A young player’s future looks bright until he runs into Carlos Alcaraz
By Matthew Futterman
Matteo Arnaldi, an unheralded Italian player, was having a lovely time in New York, knocking off one opponent after another on his way to the fourth round at the U.S. Open.
One, Arthur Fils of France, is expected to become one of the top players of the next decade. Another, Cameron Norrie, the 16th seed, has been among the better players of the past two years. Those wins earned him a date Monday with Carlos Alcaraz, the defending champion and world No. 1, in Arthur Ashe Stadium.
“A good challenge,” Arnaldi, 22, who grew up in the shadow of other Italians his age, such as Jannik Sinner and Lorenzo Musetti, said before the match.
His coach, Alessandro Petrone, thought so, too.

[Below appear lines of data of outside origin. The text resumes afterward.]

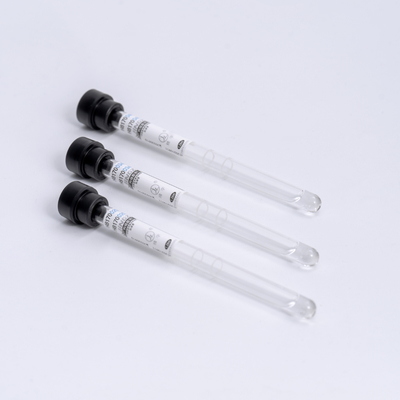 Schwarzes Blut-Beispielsammlungs-Rohr 8*120mm des ESR-Rohr-1.6ml Natriumcitrat-3,8%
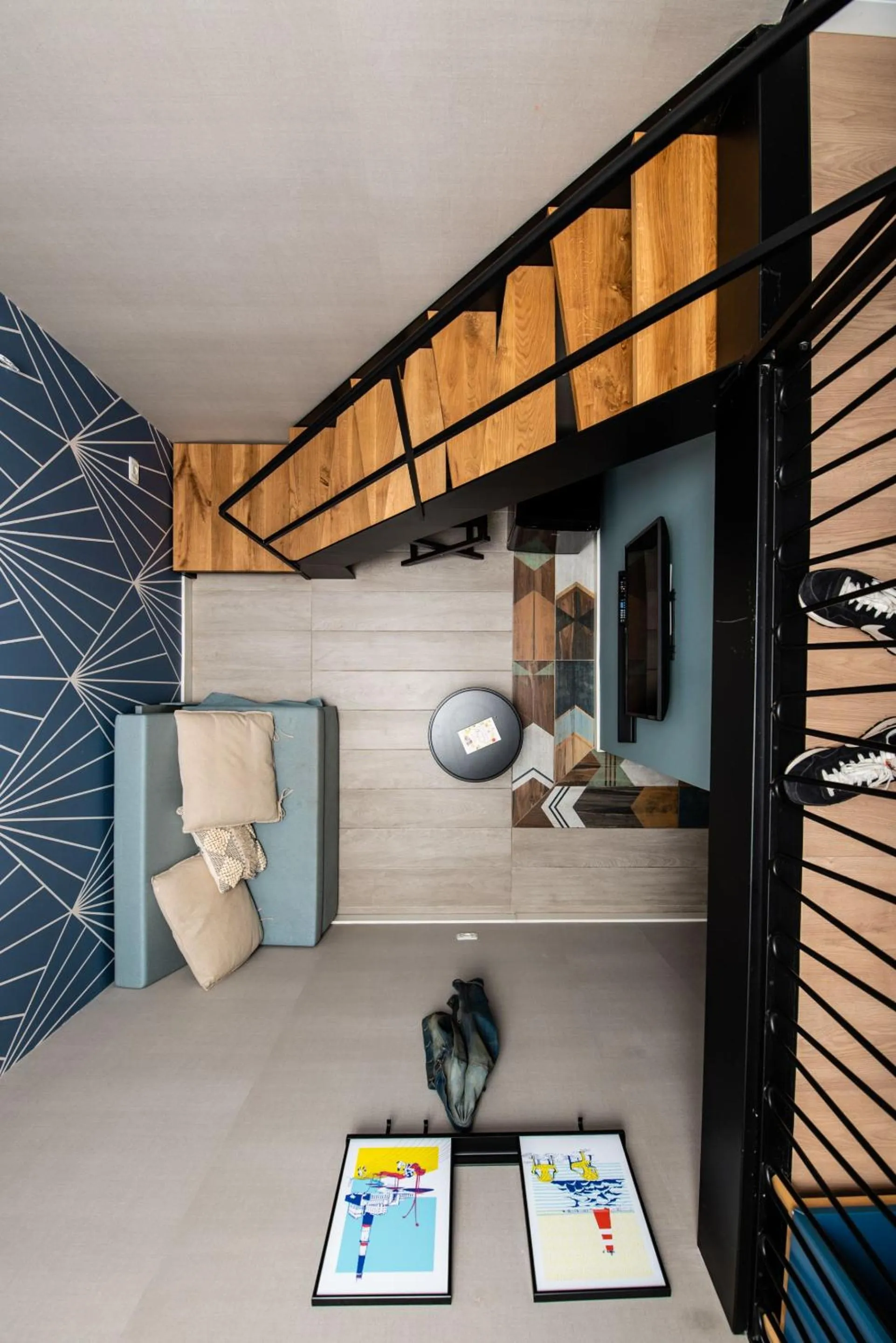 Bed in The Spot Hostel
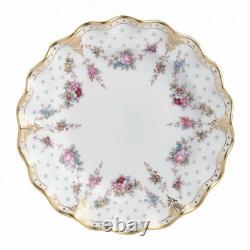 Royal Crown Derby Antoinette 20pc Dinner Set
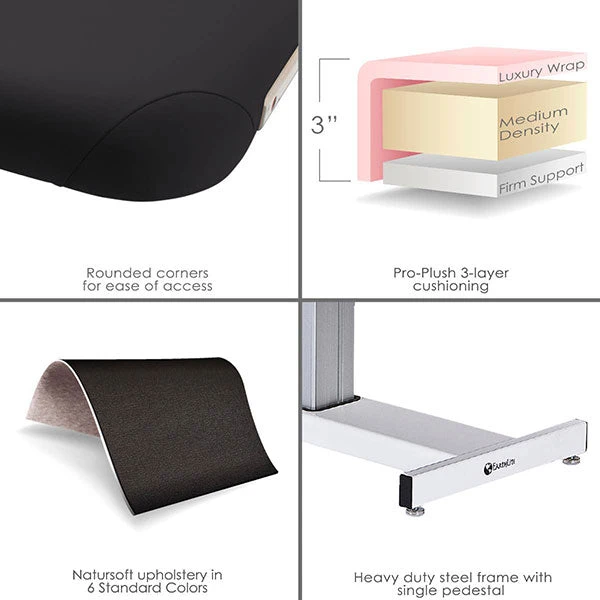 Earthlite Everest Pedestal Electric Lift Table 21 Earthlite Everest Pedestal Electric Lift Table - Image 19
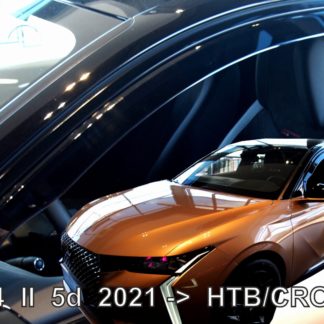 DS 4 5D 2021+ /DS 4 CROSS 5D 2021+ ΣΕΤ ΑΝΕΜΟΘΡΑΥΣΤΕΣ ΑΥΤΟΚΙΝΗΤΟΥ ΑΠΟ ΕΥΚΑΜΠΤΟ ΦΙΜΕ ΠΛΑΣΤΙΚΟ HEKO - 4 ΤΕΜ.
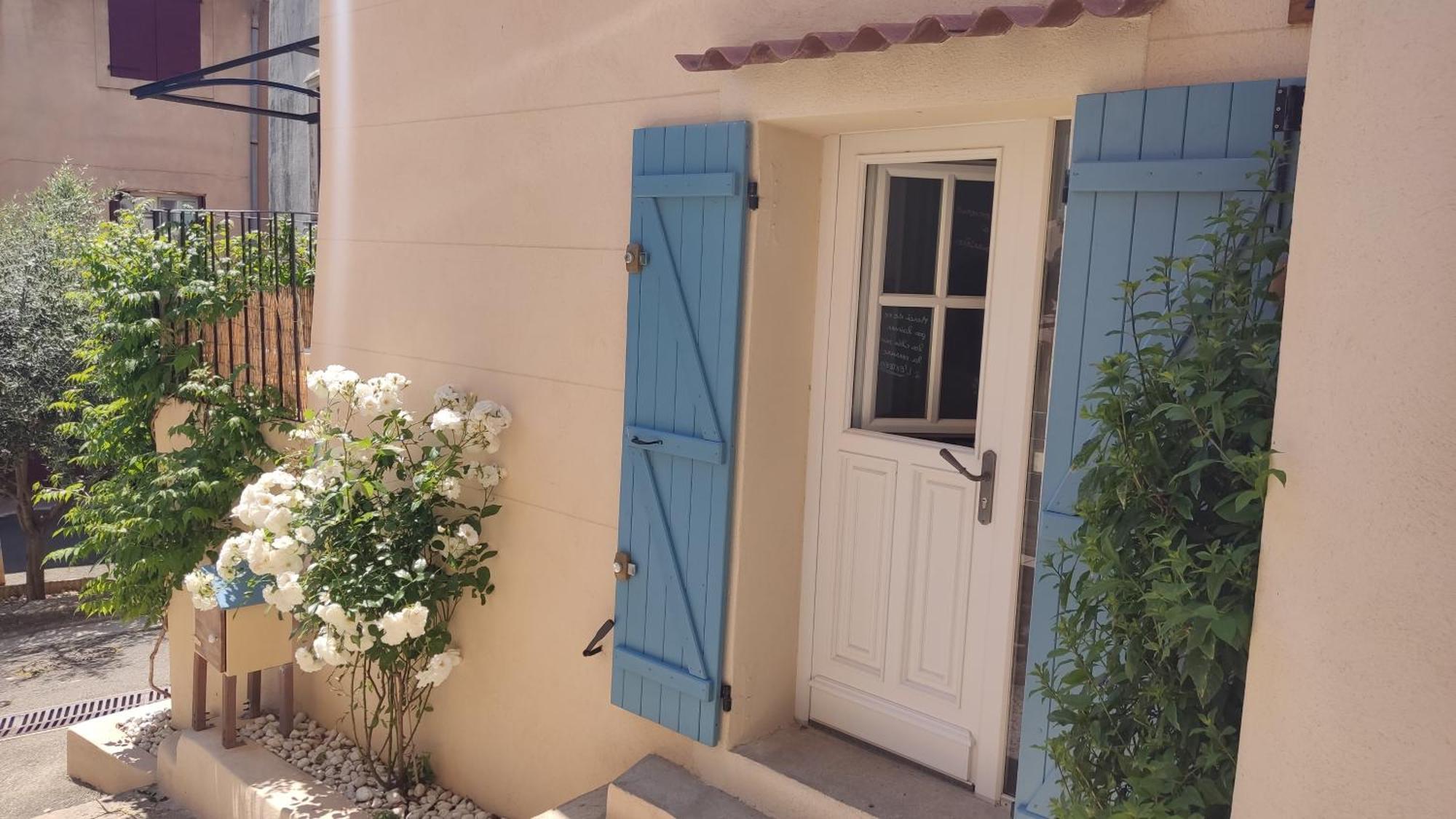 Petite Pause A Pourrieres, Appartement 40M2 Екстериор снимка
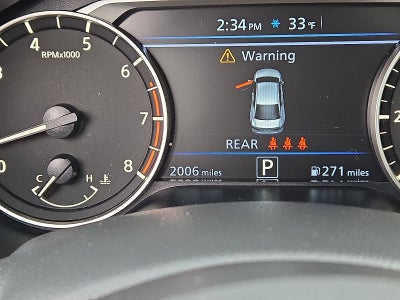 2025 Nissan Altima SR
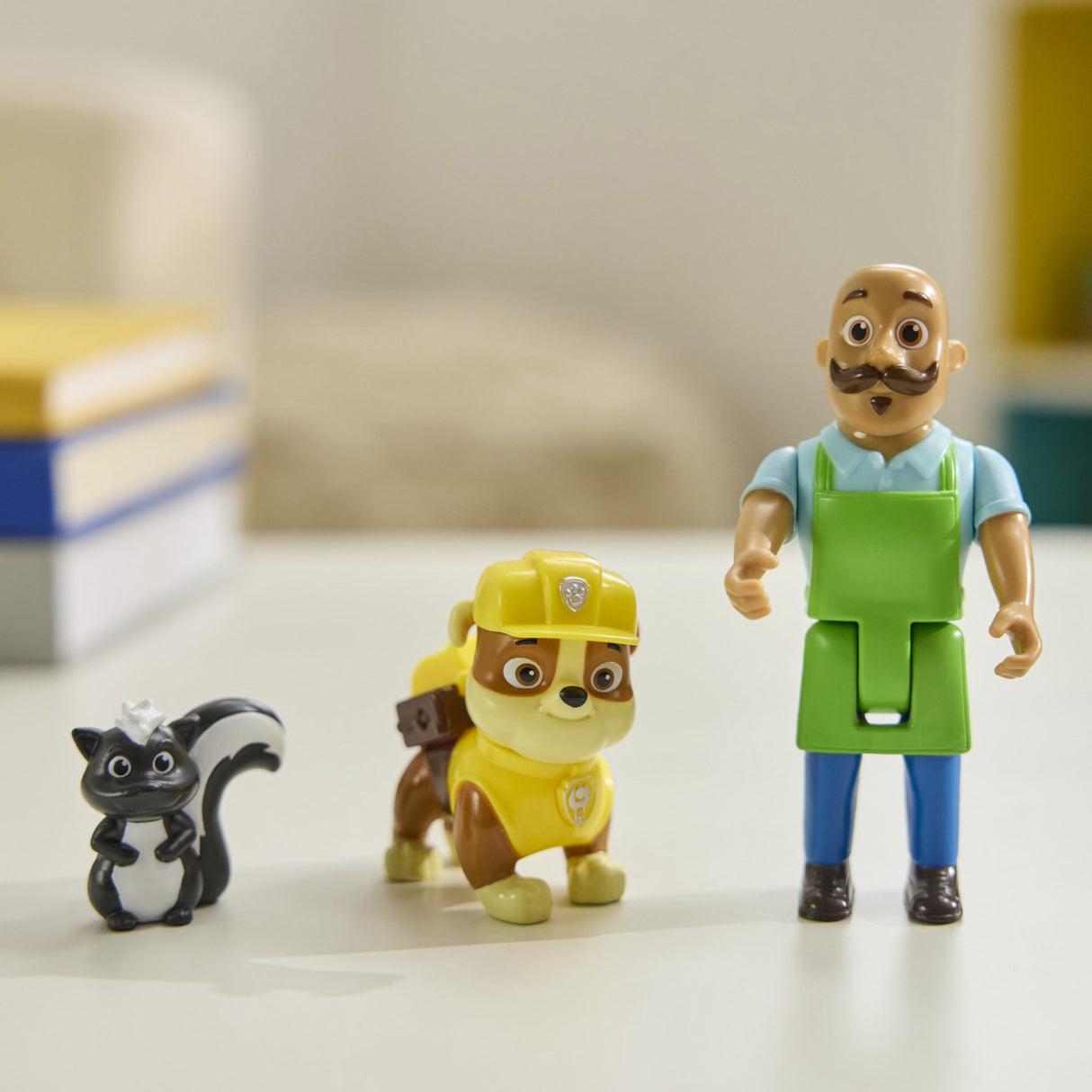 Paw Patrol Story Figure Pack Rubble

“I think tomorrow will be not so easy,” Petrone said Sunday afternoon as he tried to come up with a game plan for taking on Alcaraz.
Both were right. It took Alcaraz 1 hour, 57 minutes to take apart Arnaldi 6-3, 6-3, 6-4. He has dropped just one set in four matches.
None of this is particularly surprising. Alcaraz has won two of the past four Grand Slam events and has played in only three of them, having missed the Australian Open with a pulled hamstring.
But this is the first time he has had to defend one of the biggest titles in the sport, a challenge that some top players can struggle with. Iga Swiatek, the women’s defending champion, lost Sunday night, a defeat that will cost her the No. 1 ranking when the new rankings are released next week.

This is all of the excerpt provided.